Pictures with short captions
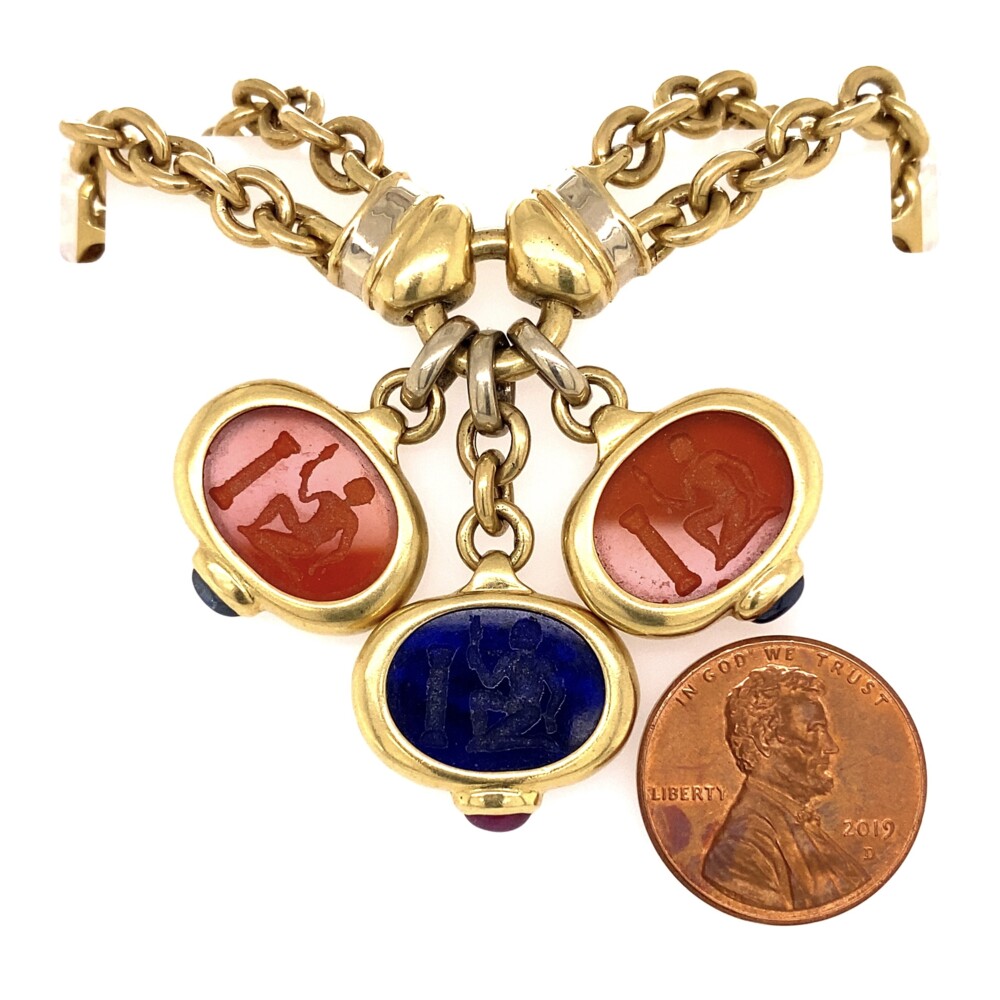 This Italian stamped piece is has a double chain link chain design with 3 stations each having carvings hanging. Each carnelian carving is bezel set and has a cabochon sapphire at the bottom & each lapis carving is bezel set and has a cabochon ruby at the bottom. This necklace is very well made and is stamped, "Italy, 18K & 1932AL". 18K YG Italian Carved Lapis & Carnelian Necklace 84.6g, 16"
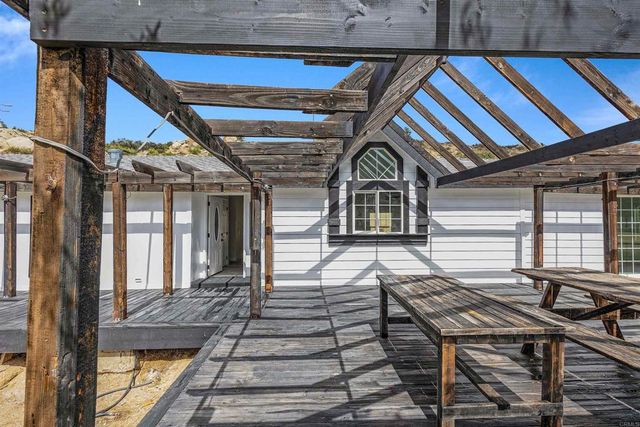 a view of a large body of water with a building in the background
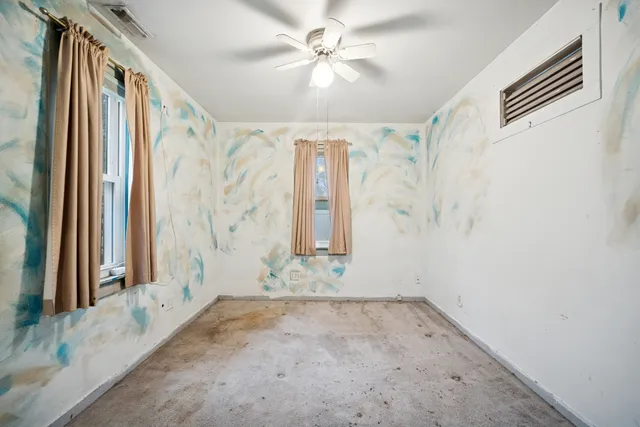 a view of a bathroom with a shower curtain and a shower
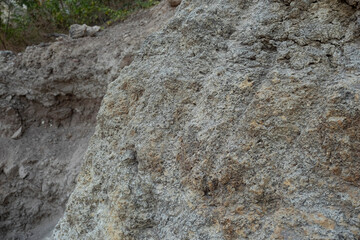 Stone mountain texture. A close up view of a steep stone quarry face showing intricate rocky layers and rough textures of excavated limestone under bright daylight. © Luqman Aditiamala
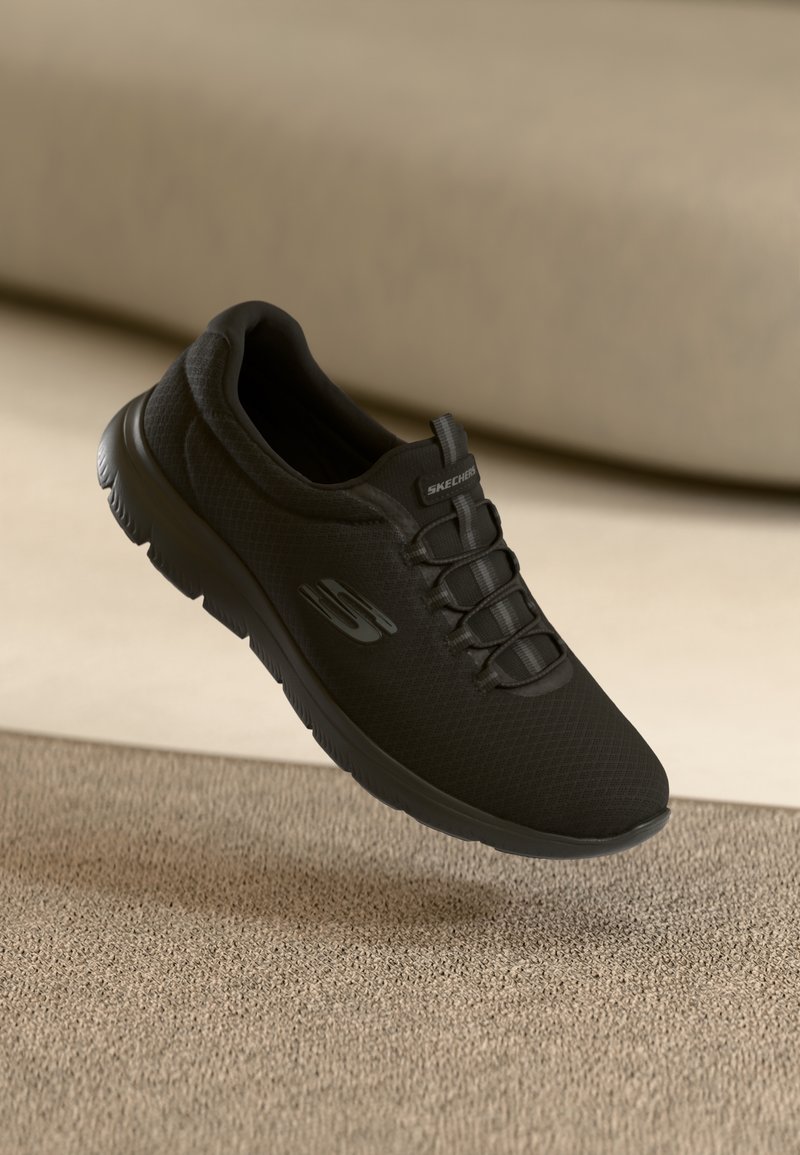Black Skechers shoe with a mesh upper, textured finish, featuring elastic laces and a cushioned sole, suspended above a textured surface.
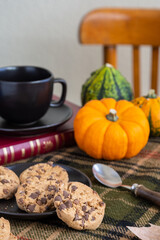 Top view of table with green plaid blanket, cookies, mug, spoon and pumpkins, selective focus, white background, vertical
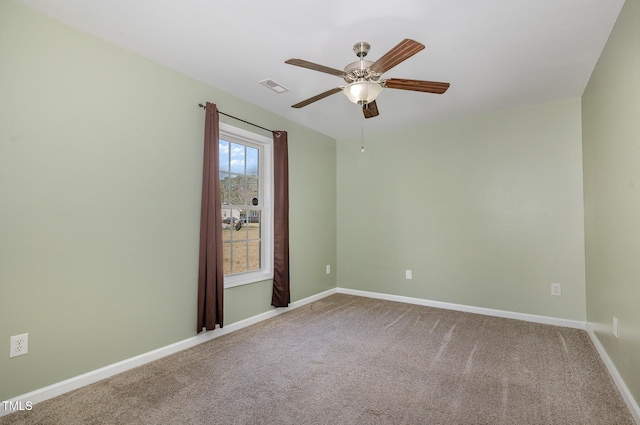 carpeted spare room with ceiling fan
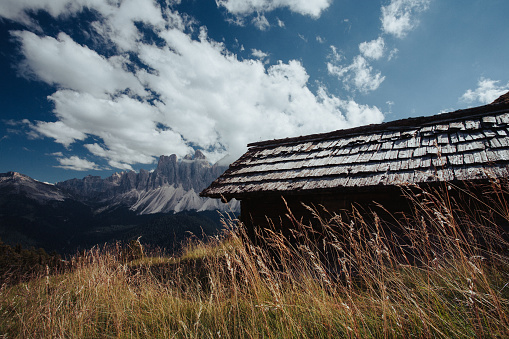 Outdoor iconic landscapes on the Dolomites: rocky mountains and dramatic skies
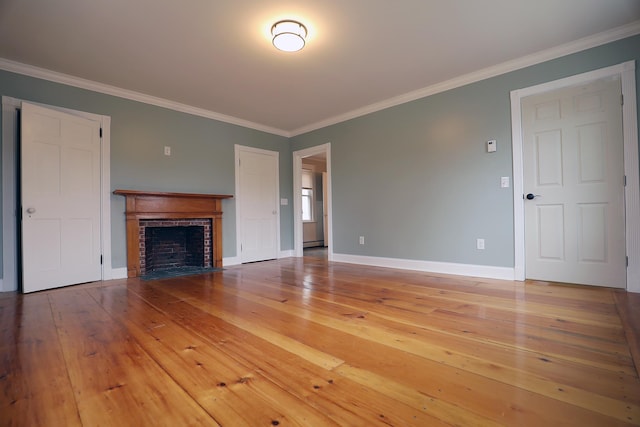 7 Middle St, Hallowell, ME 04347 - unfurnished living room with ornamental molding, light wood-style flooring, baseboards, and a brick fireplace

> [What the exercise asks]:
Exclude the pictures, and output exactly the lines from the one with "Stone mountain texture." through the last line of the records, both included.

> [Problem solution]:
 Stone mountain texture. A close up view of a steep stone quarry face showing intricate rocky layers and rough textures of excavated limestone under bright daylight. © Luqman Aditiamala
Black Skechers shoe with a mesh upper, textured finish, featuring elastic laces and a cushioned sole, suspended above a textured surface.
 Top view of table with green plaid blanket, cookies, mug, spoon and pumpkins, selective focus, white background, vertical
 carpeted spare room with ceiling fan
 Outdoor iconic landscapes on the Dolomites: rocky mountains and dramatic skies
 7 Middle St, Hallowell, ME 04347 - unfurnished living room with ornamental molding, light wood-style flooring, baseboards, and a brick fireplace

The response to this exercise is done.